Roots and Radicals: North Carolina and Beyond

As my home state of North Carolina settles in for a fight over heinous new restrictions on voter rights and abortion rights, I keep wondering what I’d be doing if I were in college at this time. Based on my activity during the 2002 beginning of the Iraq War, I’m guessing I’d be awaiting trial for an arrest at one of the Moral Monday demonstrations.

Everything was very clear-cut at that time in my life: if something was wrong, I spoke out against it, often using my body as well as my voice. My relationships suffered. My grades dropped. I felt sure that I was doing the right thing. I didn’t know what I wanted my life to look like, but I was sure I was willing to give it up for a cause.

In 2013, It’s less clear to me how I should respond to the domestic atrocities now sweeping my home state. My politics haven’t changed. My life has. I have a job I love. Students.

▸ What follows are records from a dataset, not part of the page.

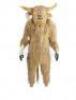 Lot #160 - CHRONICLES OF NARNIA, THE: PRINCE CASPIAN (2008) - Minotaur Mask and Bodysuit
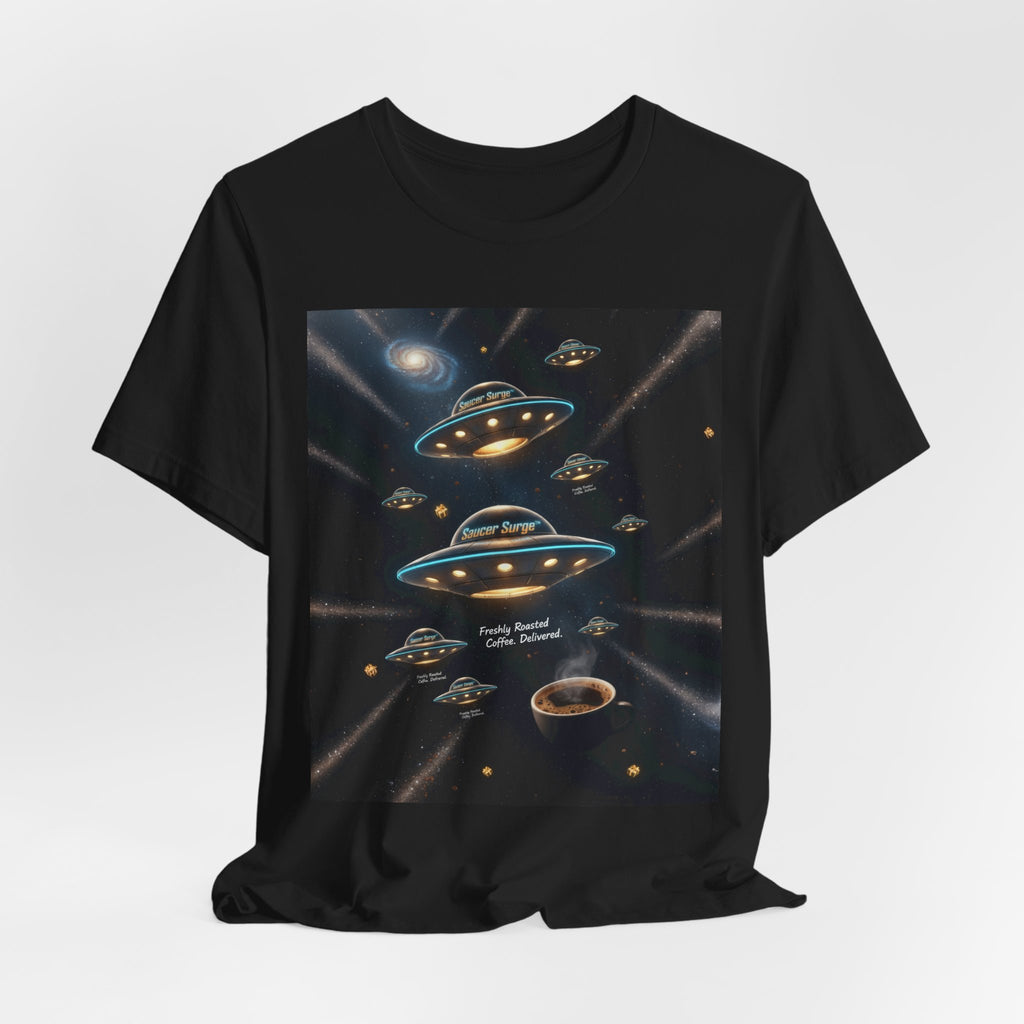 Saucer Surge - T-Shirt 11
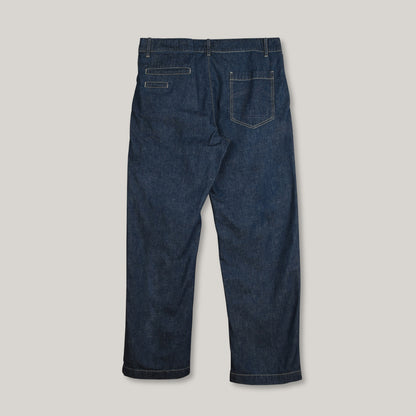 EAT DUST FRISCO CHINO HEMP DENIM - INDIGO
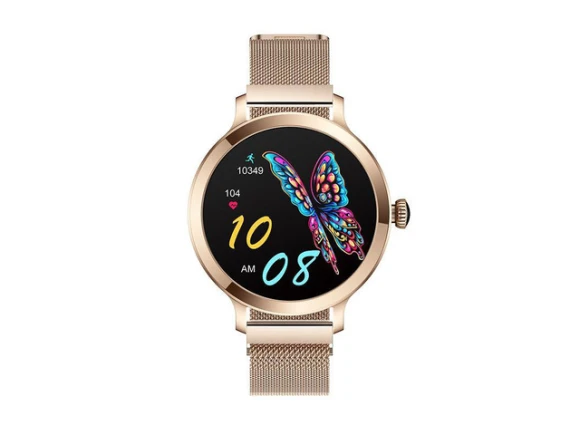 Gold Smart Watch — Smart Watch, ZOSKVEE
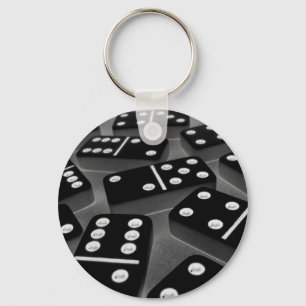Dominoes Keychain 008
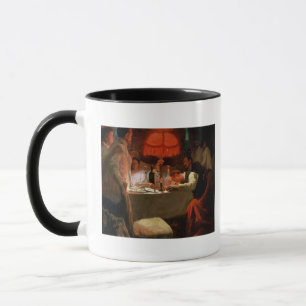 Unter dem roten Licht c.1910 Tasse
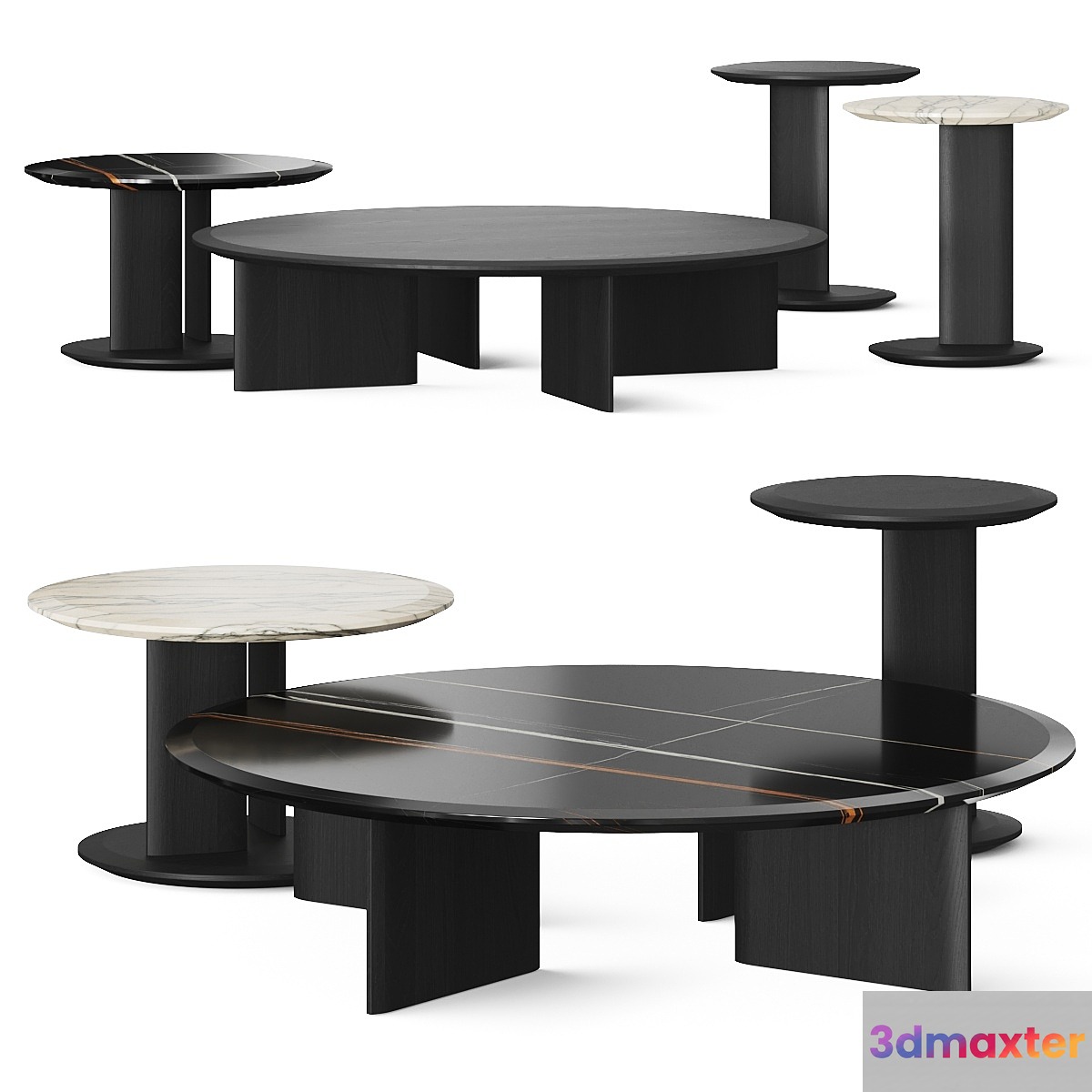 Poliform Mush Coffee Tables
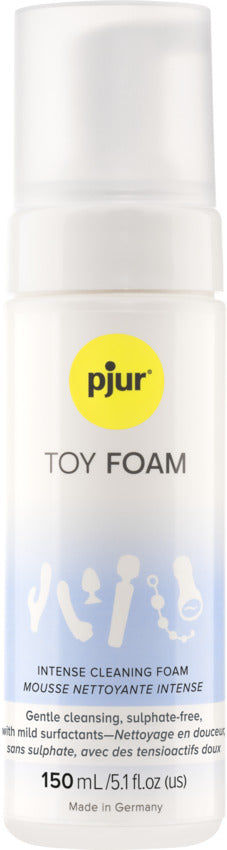 Pjur Toy Foam intense cleaning foam for toys, 150 ml.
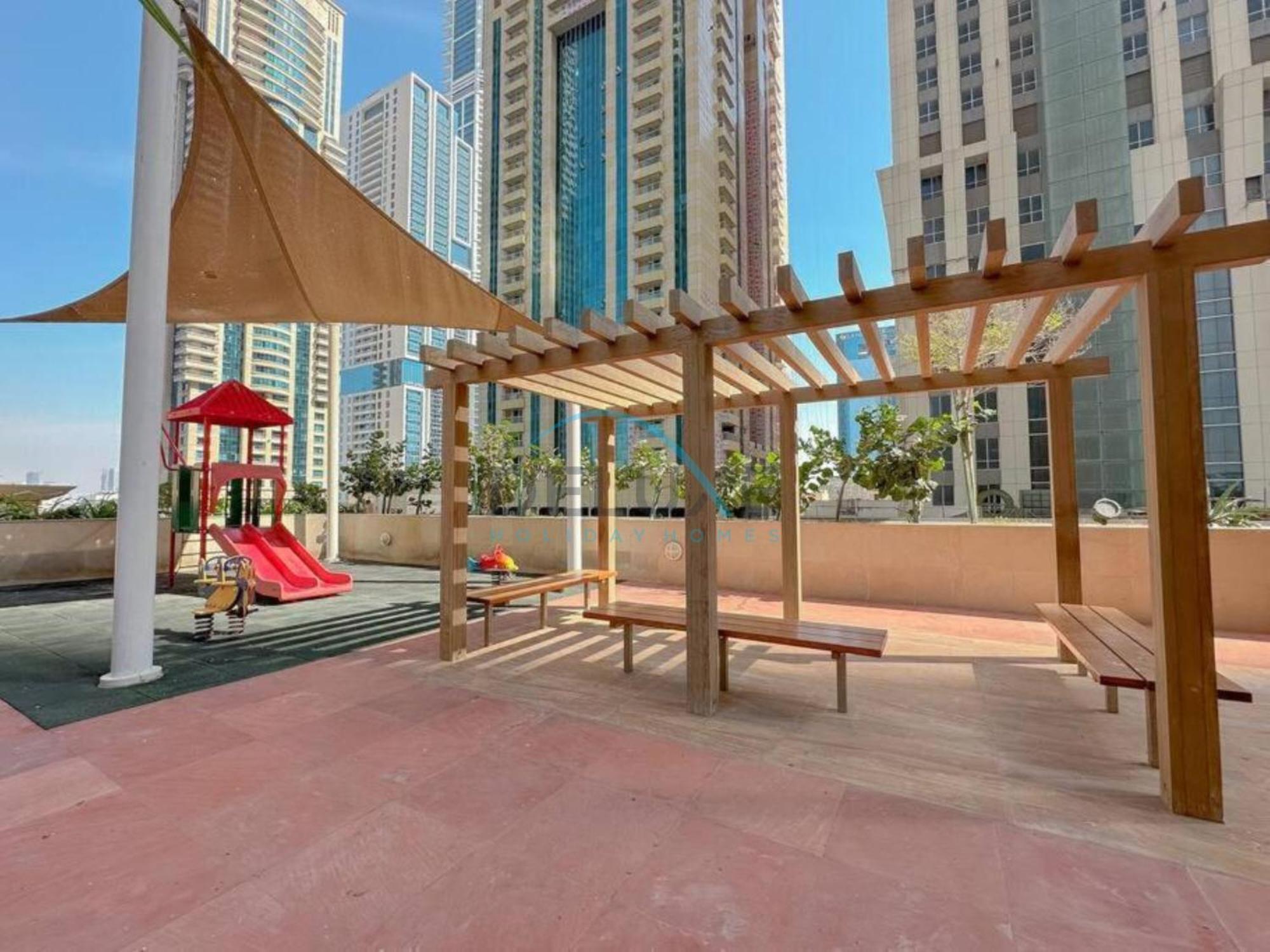 Appartement Serene 2br With Iconic Palm Jumeirah Views, Marina By Deluxe Homes Dubaï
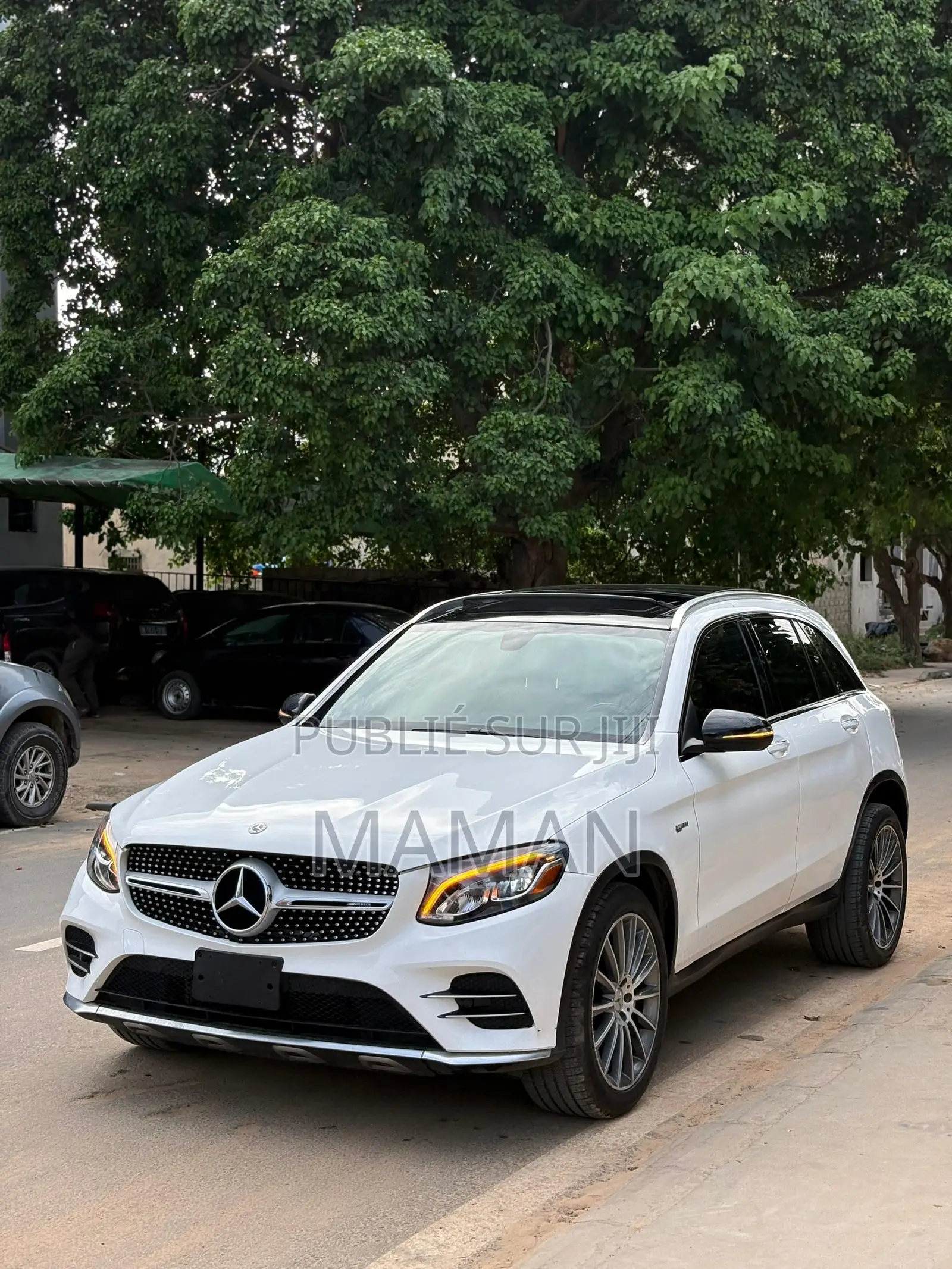 Mercedes-Benz GLC-Class 2019 Blanc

I make jam and pickles and stack the jars on my kitchen shelves. I guess I put down roots.

I found myself re-listening this morning to an old episode of The Story interviewing Norm Stamper, the former Seattle Police chief who called the shots during 1999’s violent WTO protests. Stamper says he now regrets the way that his department handled the protests (he resigned in the aftermath), and derides police violence at Occupy camps in New York and California.

What impresses me most is Stamper’s willingness to alter his analysis without shifting his allegiances. He has changed his mind about the use of police force in response to peaceful protest, but he hasn’t been radicalized in a direction opposite to the police perspective.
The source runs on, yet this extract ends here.